En théorie, elle pourrait être extradée. D’autres binationaux l’ont d’ailleurs été avant elle. En 2019, l’ex policier franco-argentin Mario Sandoval, qui résidait en France et avait été naturalisé français en 1997, avait été extradé vers l’Argentine pour des faits commis entre 1976 et 1983. Mais l’histoire semble aujourd’hui bien différente. Tandis que Mario Sandoval était un criminel de guerre, dont la culpabilité ne faisait alors aucun doute, Pinar Selek est une sociologue et militante qui, aux yeux du monde, est surtout la victime d’une machination judiciaire, l’indépendance de la justice en Turquie n’étant plus suffisamment assurée, surtout depuis le coup d’État raté de 2016. La loi française prévoit que le gouvernement ne peut autoriser l’extradition si “le tribunal n’assur[e] pas les garanties fondamentales de procédure et de protection des droits de la défense”, ou encore si l’extradition “est demandée dans un but politique”. Un but politique aisément démontrable, puisque Pinar Selek, avant d’être naturalisée française, avait bénéficié du statut de réfugié, justement pour les poursuites dont elle faisait déjà l’objet dans l’affaire de l’explosion du bazar aux épices.

La France continuera de lui apporter le soutien qu’elle lui a toujours accordé depuis le début

En pratique, une réponse favorable de la France semble donc hautement improbable.

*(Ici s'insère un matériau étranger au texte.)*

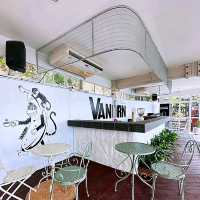 Vanorn Cafe คาเฟ่บนจุดชมวิวเขาสามมุก แบบพาโนรามา
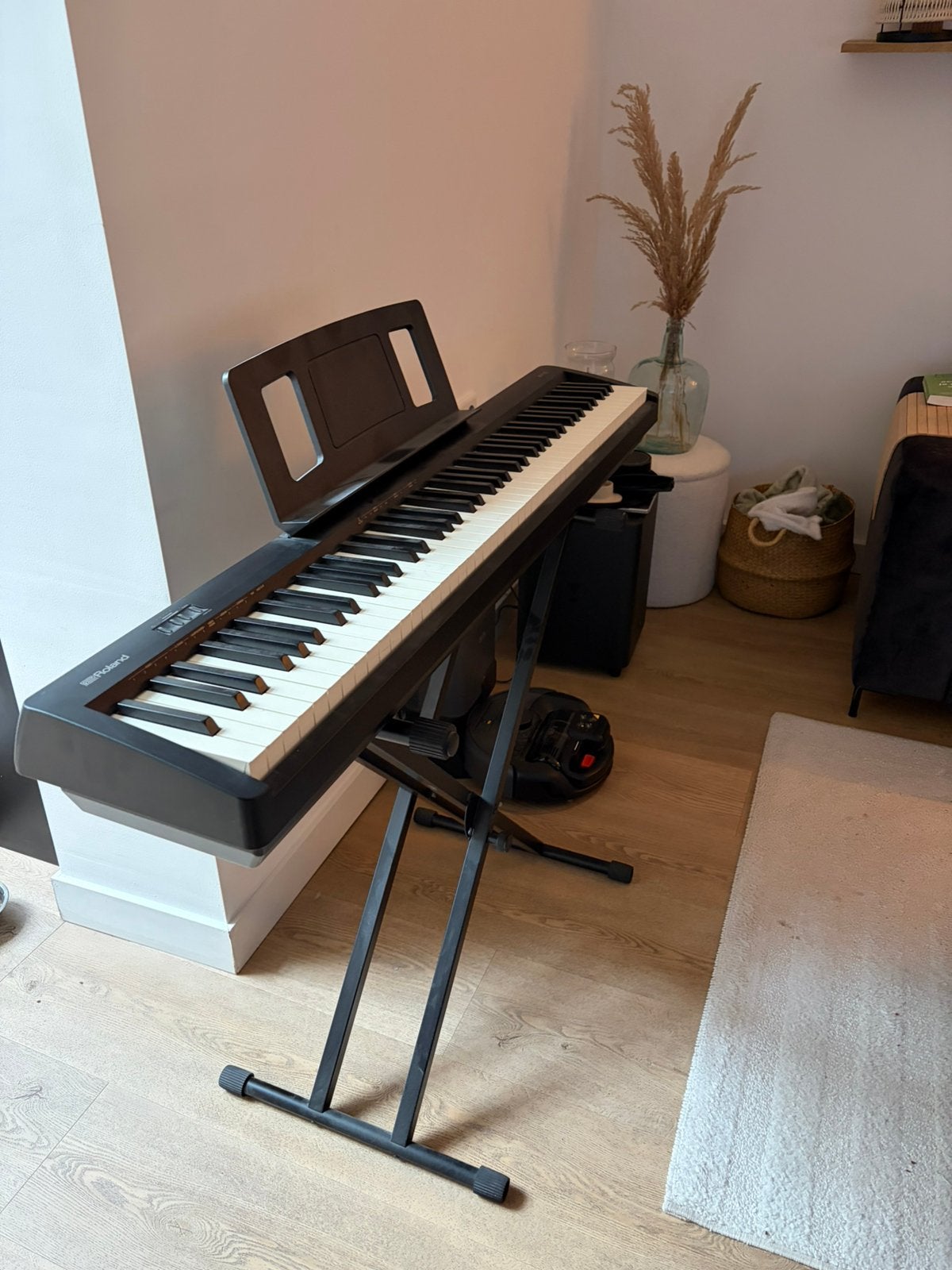 Roland FP-10 digitale piano + accessoires, Ophalen, Gebruikt, Zwart, Piano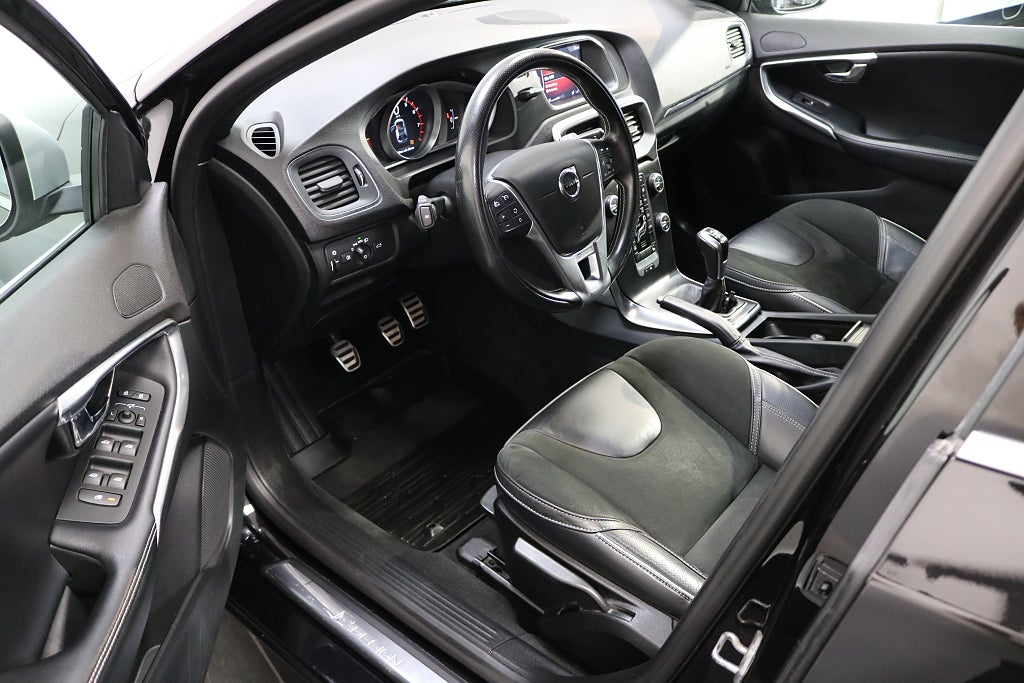 Volvo V40 2018 - miniatyr 7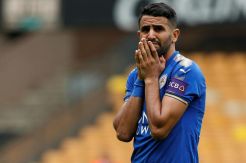 Saingi Chelsea, Barcelona Ikut Minati Riyad Mahrez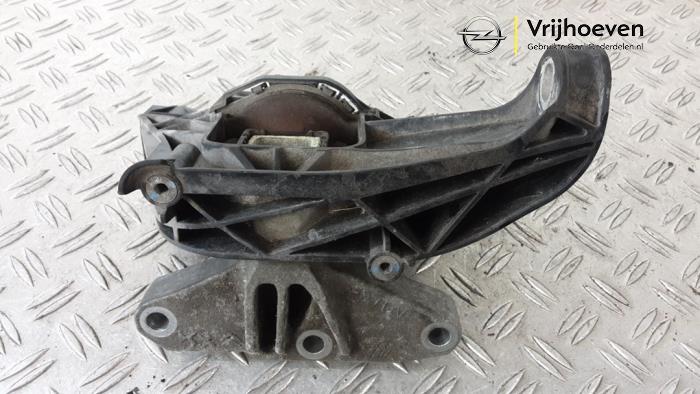 Used Engine mount Opel Combo Cargo 1.6 CDTI 100 Price € 25,00 Margin scheme offered by Autodemontage Vrijhoeven B.V.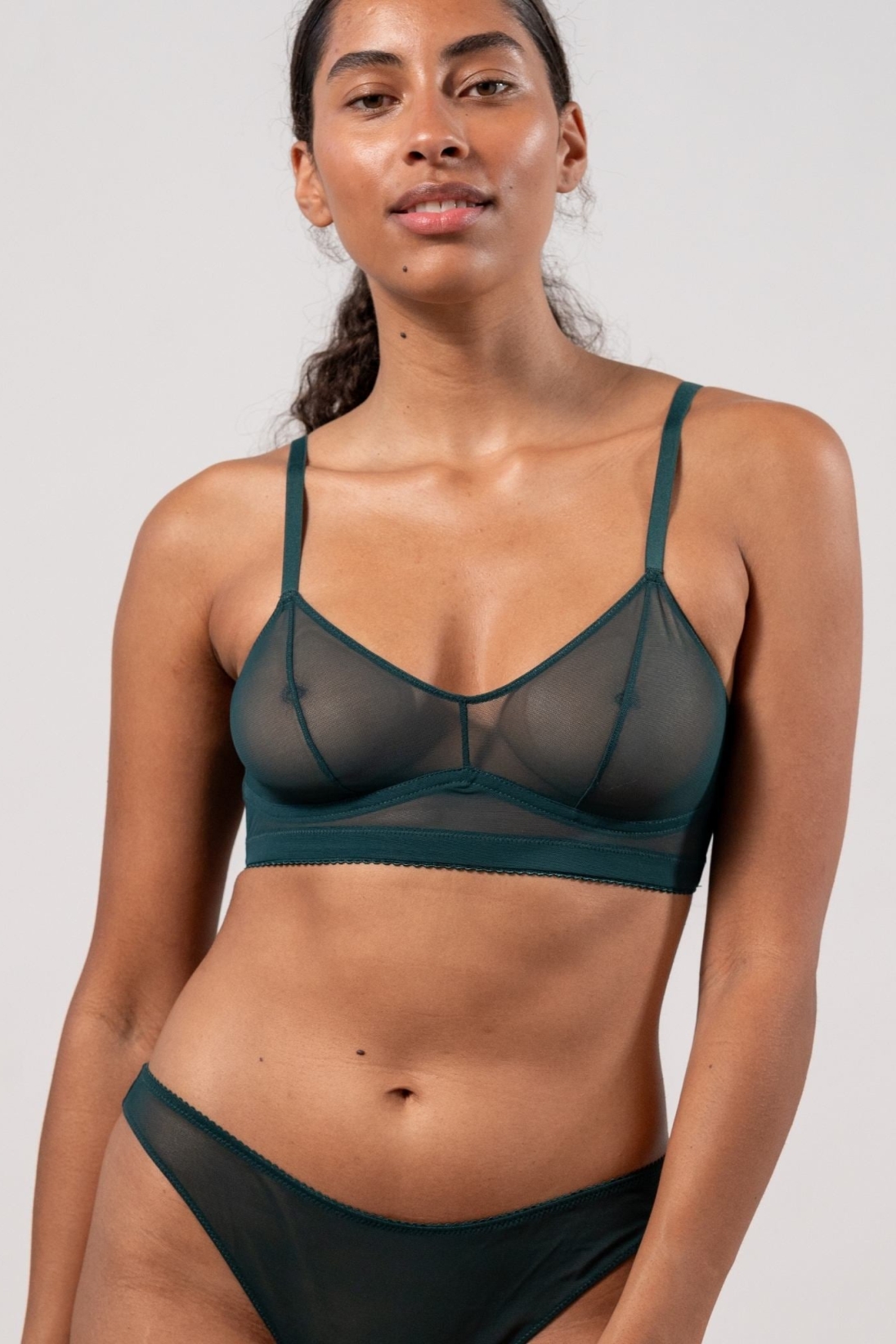 Image of Understatement dames vegan Mesh Balconette Dennengroen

Pinar Selek bénéficie d’ailleurs de la protection académique de l’université de Strasbourg et de la protection de l’État français sur le territoire national, comme l’a rappelé le ministère de l’Europe et des affaires étrangères, en réponse à une question de la sénatrice Céline Brulin, en décembre 2022. Une réponse que le ministère terminait alors par ces mots : “La France continuera de lui apporter le soutien qu’elle lui a toujours accordé depuis le début”.

Et quand bien même le gouvernement français décidait de l’extrader, les recours judiciaires en France et devant le Cour européenne des droits de l’homme devraient permettre de bloquer son renvoi en Turquie, où elle serait immédiatement incarcérée.

Dans un message depuis Paris à ses soutiens, vendredi soir, Pinar Selek, harassée par 25 ans de procès mais ne perdant pas espoir, a bien résumé l’état d’esprit de ses soutiens : “le processus n’est pas terminé, je me sens épuisée, mais les loups blessés sont féroces”.